◆ **Source records**:
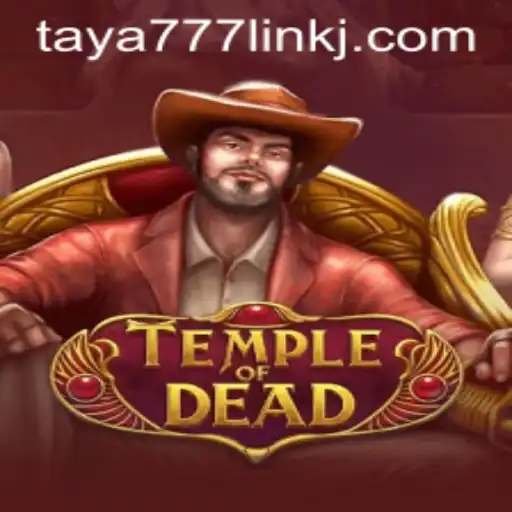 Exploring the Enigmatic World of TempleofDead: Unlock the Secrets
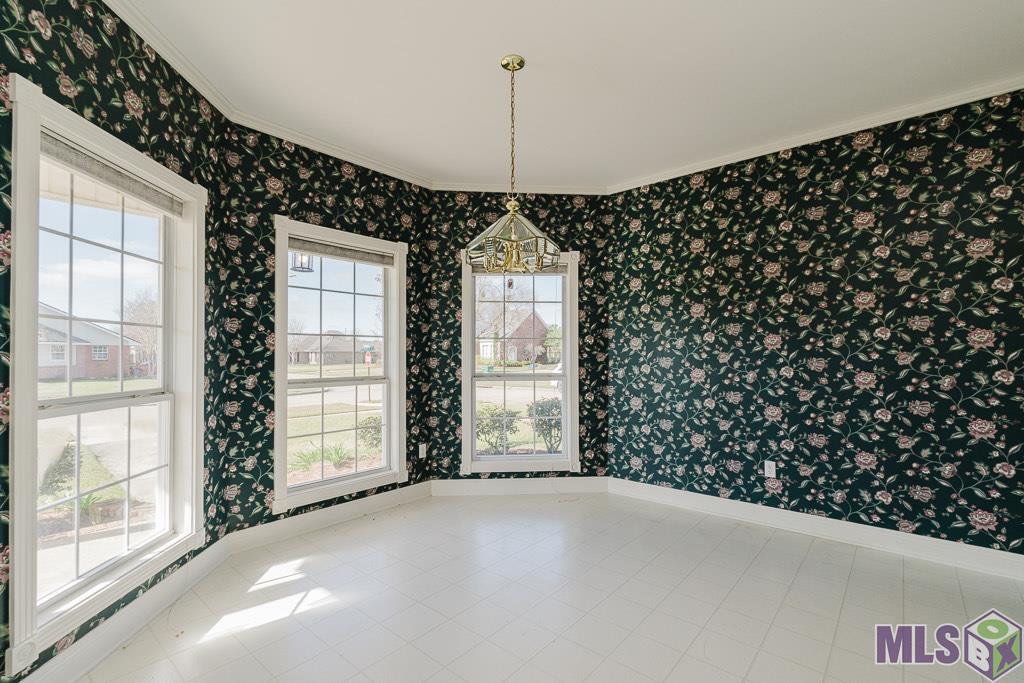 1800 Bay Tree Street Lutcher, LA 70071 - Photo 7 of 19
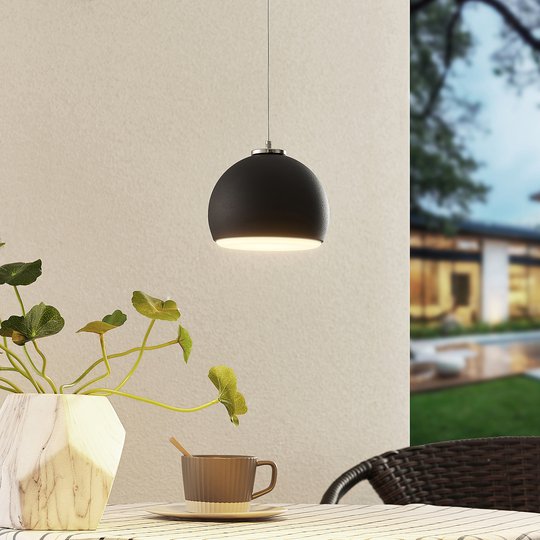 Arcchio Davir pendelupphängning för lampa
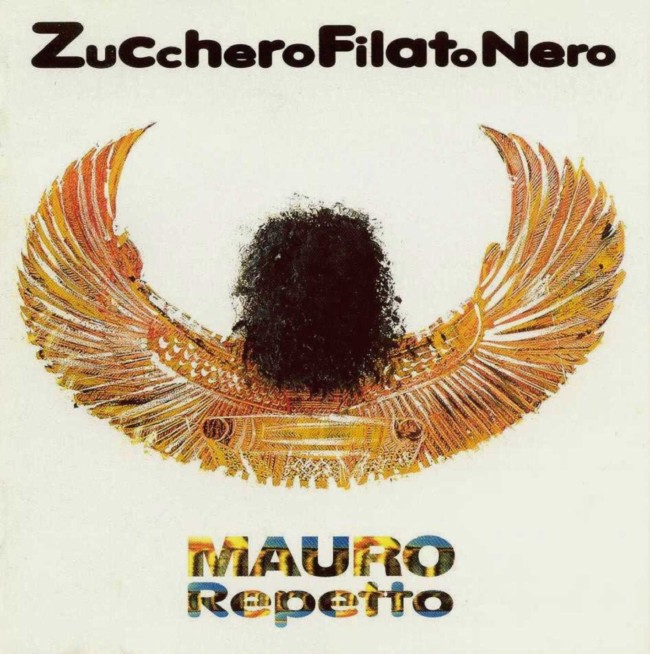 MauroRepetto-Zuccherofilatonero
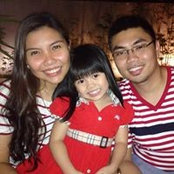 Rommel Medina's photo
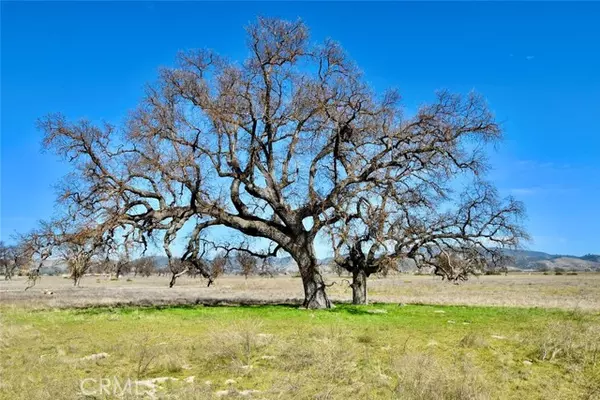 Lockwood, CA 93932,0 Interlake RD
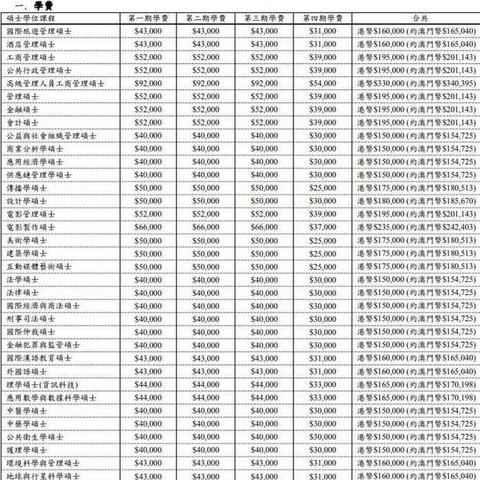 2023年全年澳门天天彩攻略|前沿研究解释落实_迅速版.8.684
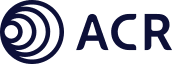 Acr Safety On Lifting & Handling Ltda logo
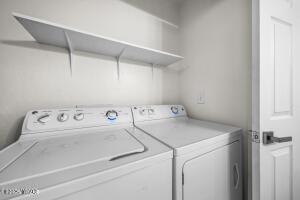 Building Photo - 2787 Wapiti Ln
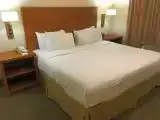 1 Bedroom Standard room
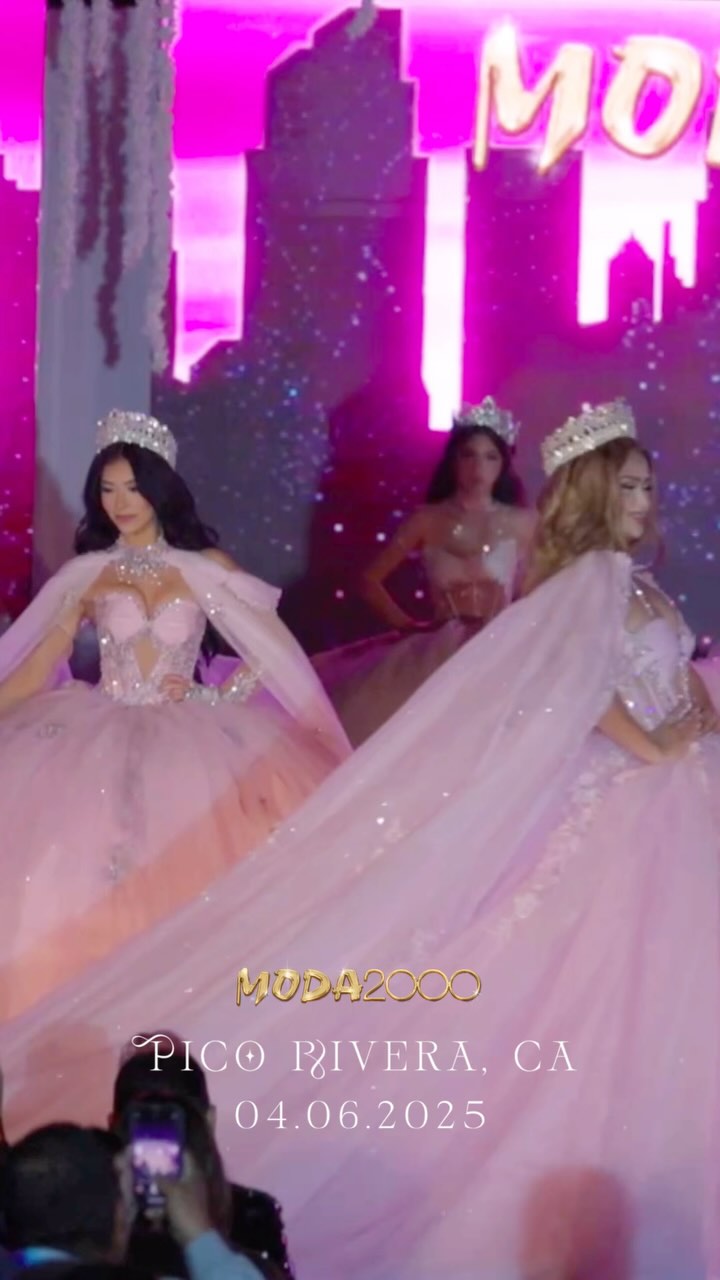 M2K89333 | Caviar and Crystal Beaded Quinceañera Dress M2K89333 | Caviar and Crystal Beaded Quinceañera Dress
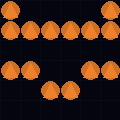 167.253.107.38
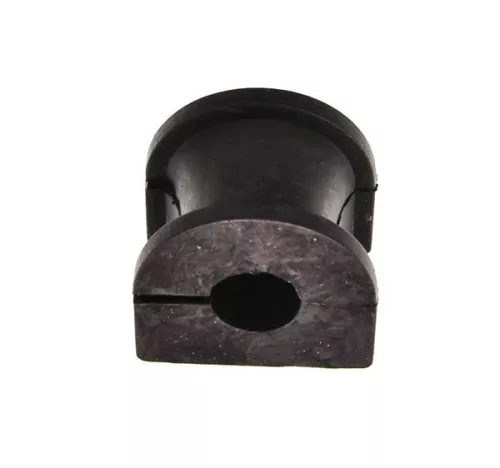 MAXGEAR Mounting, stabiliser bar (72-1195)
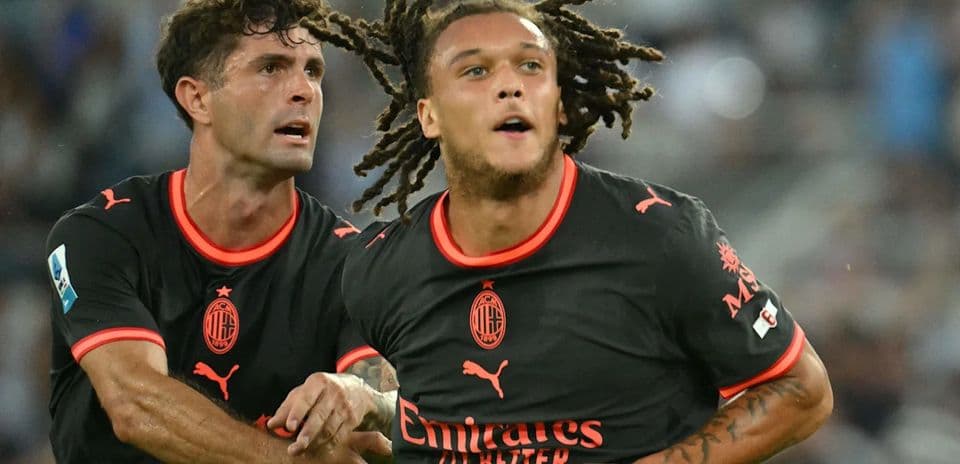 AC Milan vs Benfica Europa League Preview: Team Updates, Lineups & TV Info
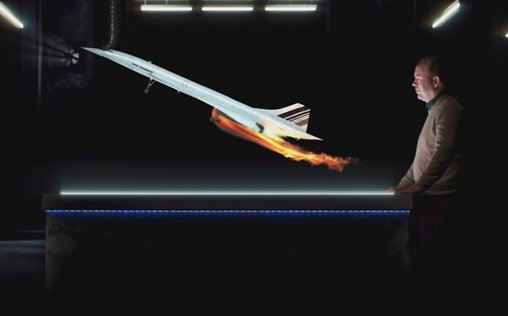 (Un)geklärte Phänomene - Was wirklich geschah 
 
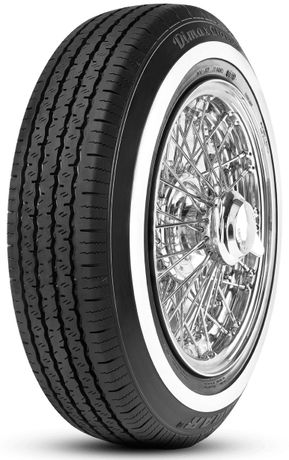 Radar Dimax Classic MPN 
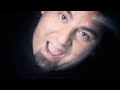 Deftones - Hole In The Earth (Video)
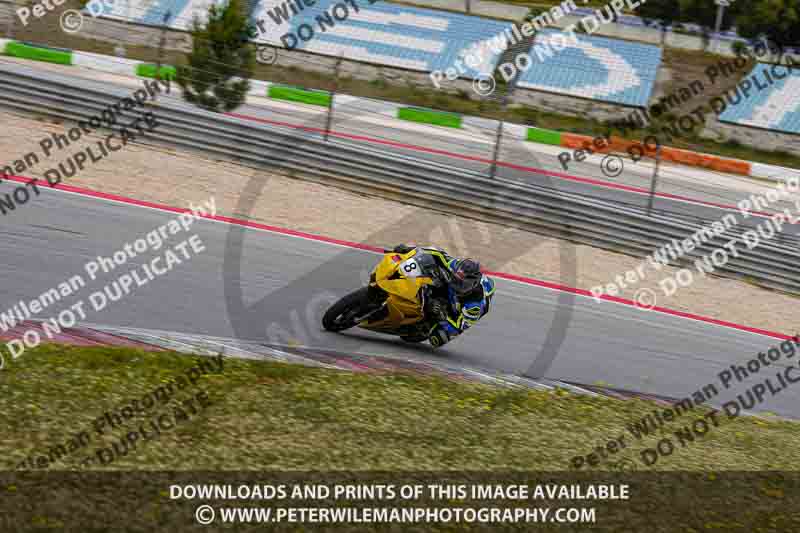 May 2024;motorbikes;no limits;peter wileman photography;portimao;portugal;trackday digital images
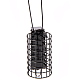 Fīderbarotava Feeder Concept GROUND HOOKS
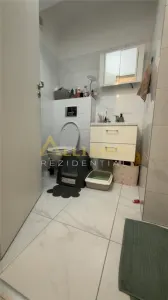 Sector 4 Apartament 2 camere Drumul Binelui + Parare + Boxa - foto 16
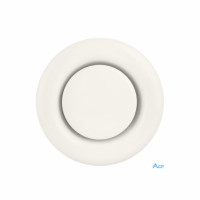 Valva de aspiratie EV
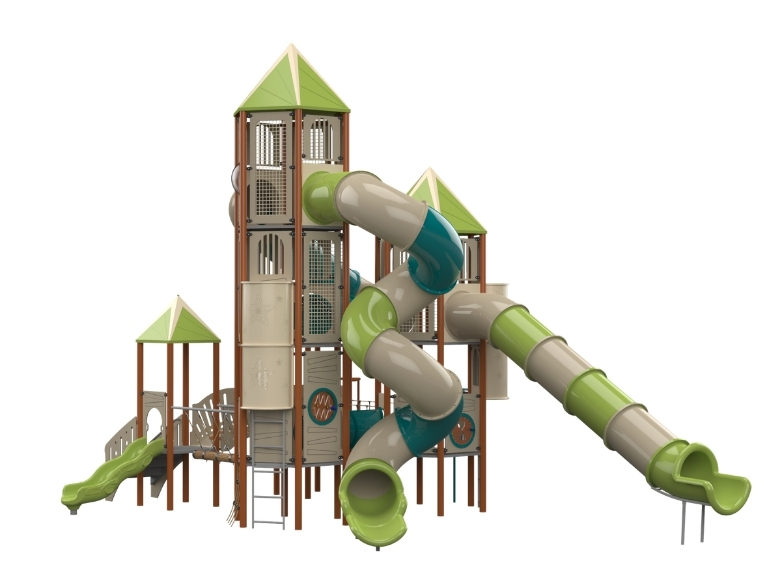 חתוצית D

◆ **What is being asked**: Please reproduce, word for word, every line from the first line of the records above through the line containing "Acr Safety On Lifting & Handling Ltda logo", and leave out the pictures.

◆ **Answer to the exercise**:
 Exploring the Enigmatic World of TempleofDead: Unlock the Secrets
 1800 Bay Tree Street Lutcher, LA 70071 - Photo 7 of 19
 Arcchio Davir pendelupphängning för lampa
 MauroRepetto-Zuccherofilatonero
 Rommel Medina's photo
 Lockwood, CA 93932,0 Interlake RD
 2023年全年澳门天天彩攻略|前沿研究解释落实_迅速版.8.684
 Acr Safety On Lifting & Handling Ltda logo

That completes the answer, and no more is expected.